* _Problem description_
Below are some entries. Transcribe the lines from the one holding "Oikiture Display Cabinet" to the one holding "GOODSILO - Modern", inclusive, but not the pictures among them.

* _Data_
++++++++++++++++++++

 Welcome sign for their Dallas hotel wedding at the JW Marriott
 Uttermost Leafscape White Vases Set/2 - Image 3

++++++++++++++++++++

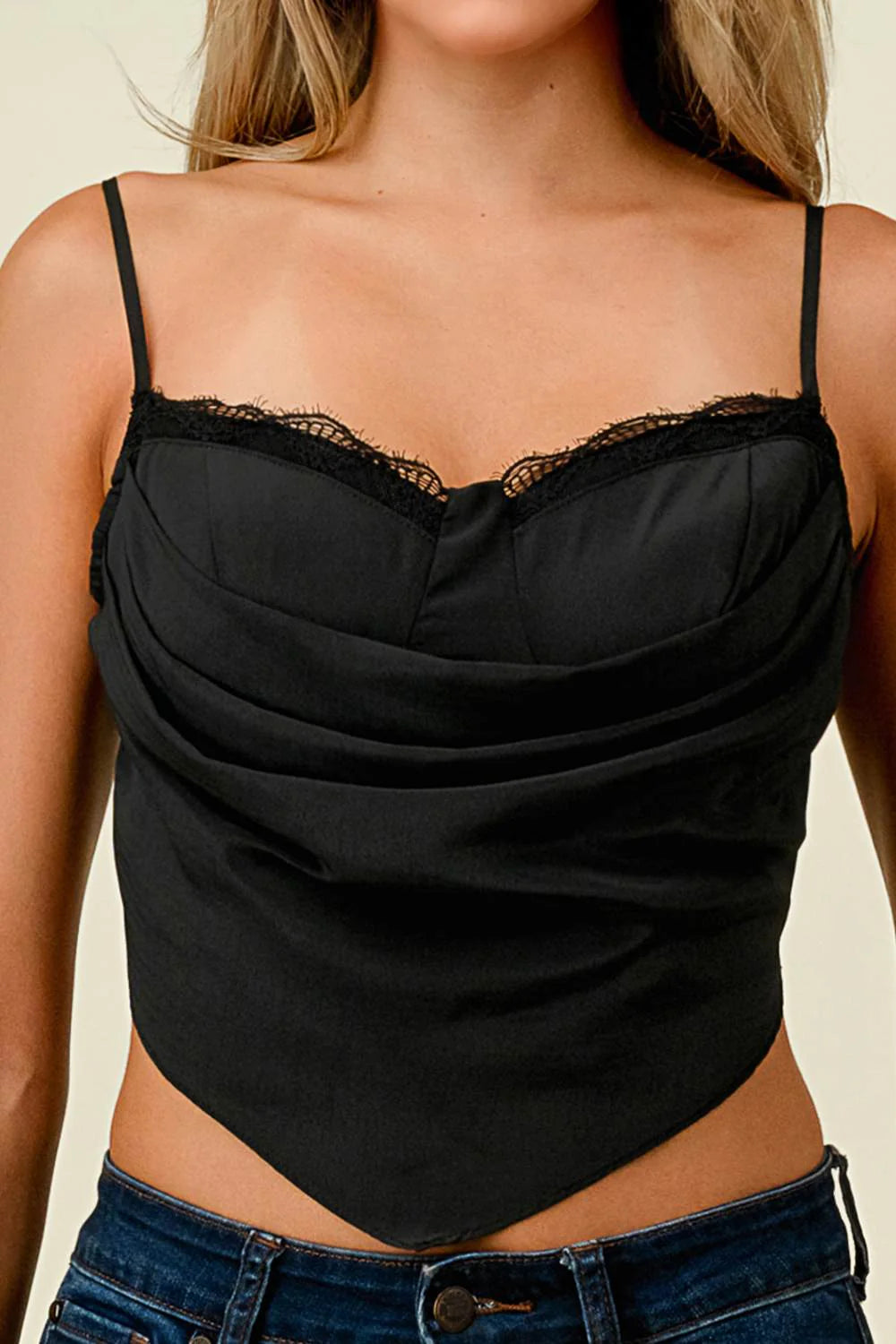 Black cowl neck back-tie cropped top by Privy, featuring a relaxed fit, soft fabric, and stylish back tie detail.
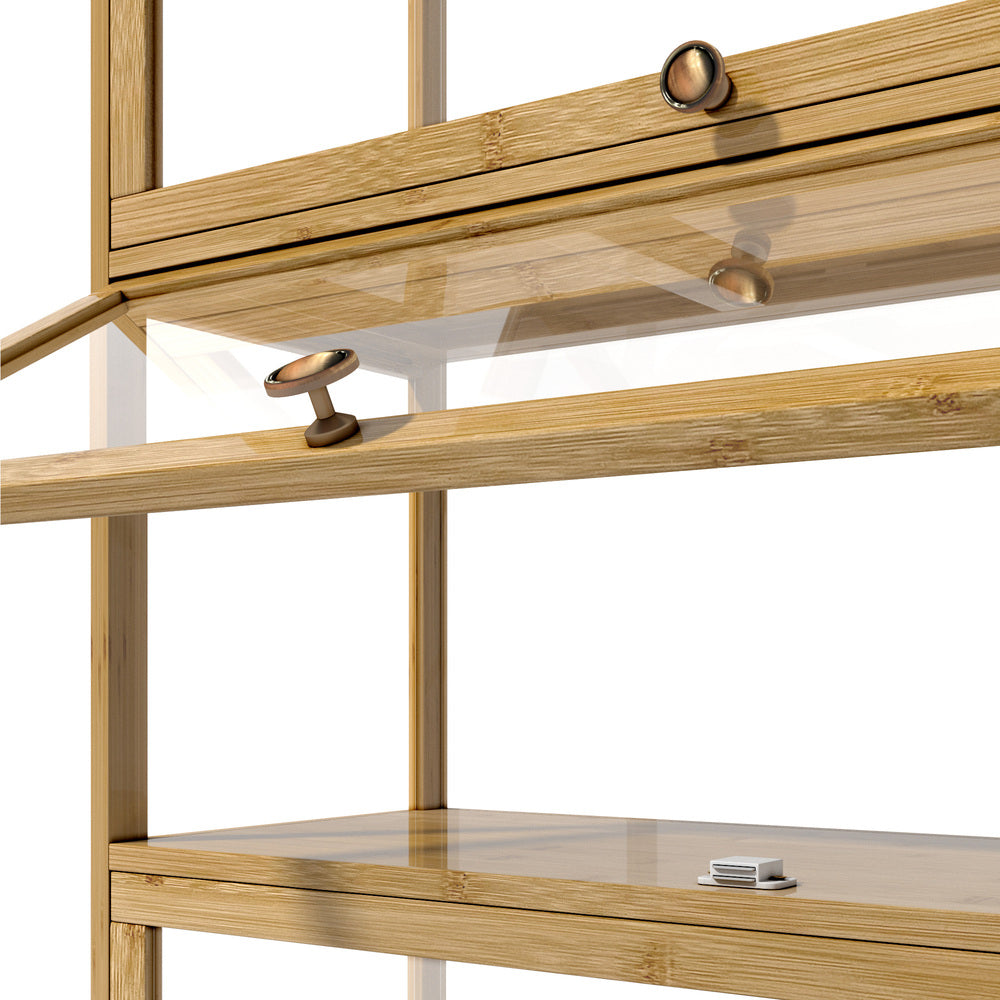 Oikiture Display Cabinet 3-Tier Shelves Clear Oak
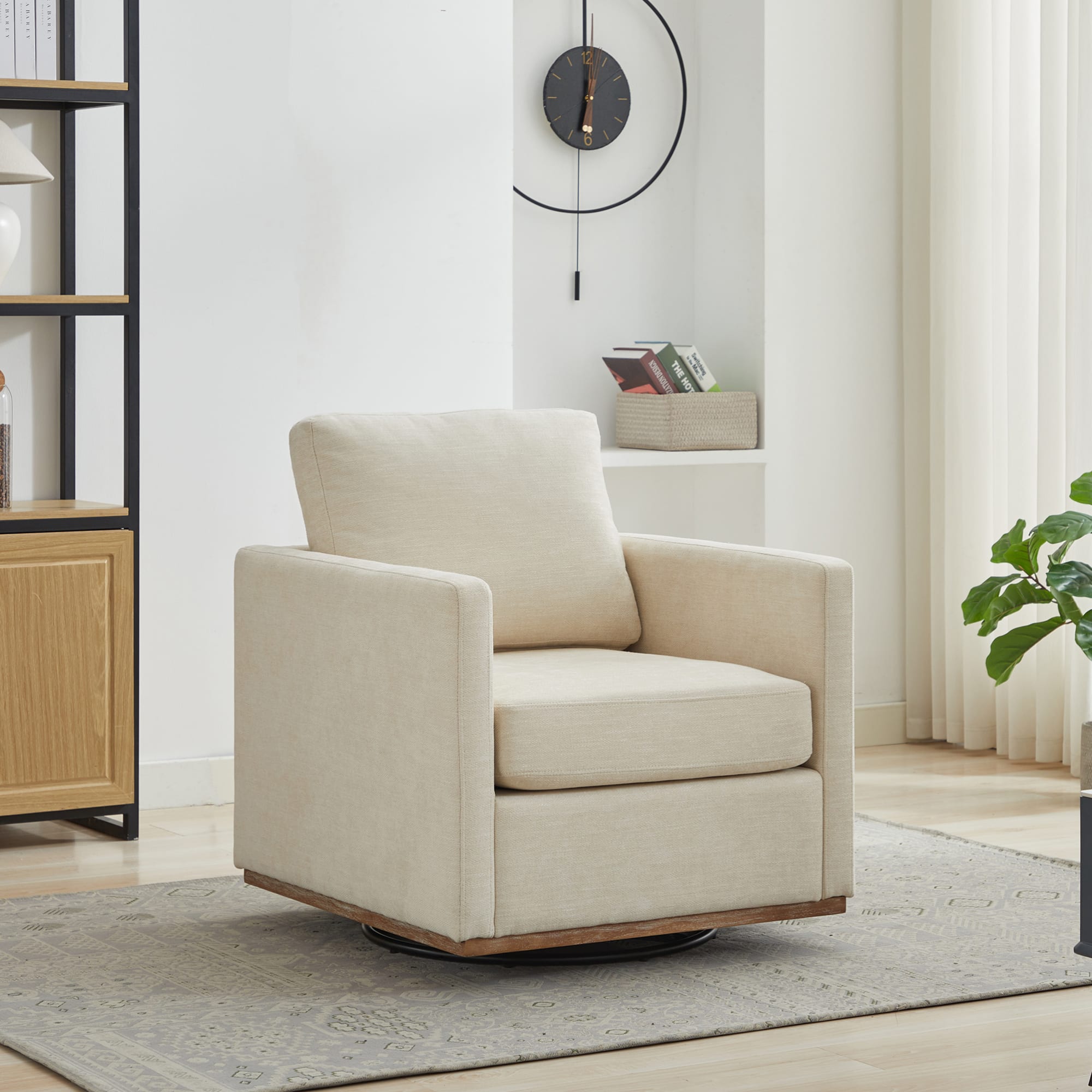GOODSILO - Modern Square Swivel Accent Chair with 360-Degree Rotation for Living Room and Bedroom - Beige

++++++++++++++++++++

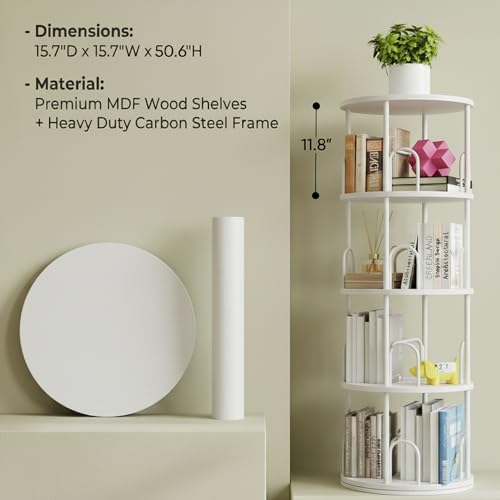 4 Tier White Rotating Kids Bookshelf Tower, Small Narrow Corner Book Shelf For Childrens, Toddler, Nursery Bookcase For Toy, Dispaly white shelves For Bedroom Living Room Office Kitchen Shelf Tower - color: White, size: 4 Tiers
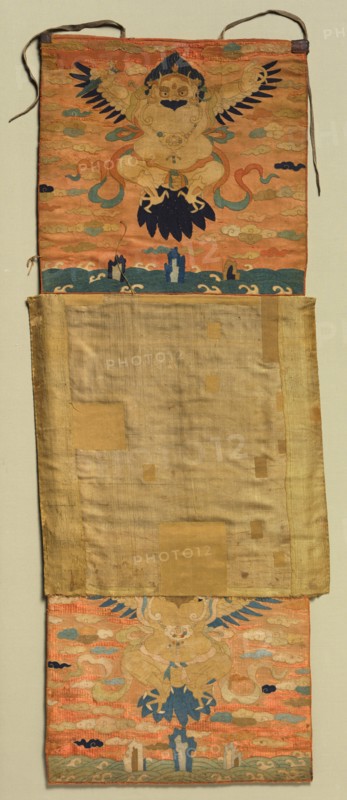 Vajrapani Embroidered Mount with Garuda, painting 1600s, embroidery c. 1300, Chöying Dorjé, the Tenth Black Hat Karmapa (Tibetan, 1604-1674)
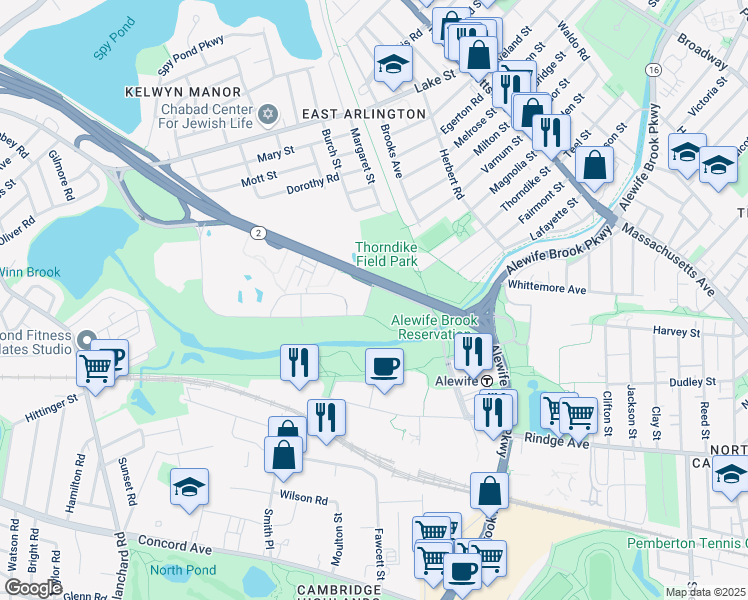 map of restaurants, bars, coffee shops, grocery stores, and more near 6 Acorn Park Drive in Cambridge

++++++++++++++++++++

* _Answer_
 Oikiture Display Cabinet 3-Tier Shelves Clear Oak
GOODSILO - Modern Square Swivel Accent Chair with 360-Degree Rotation for Living Room and Bedroom - Beige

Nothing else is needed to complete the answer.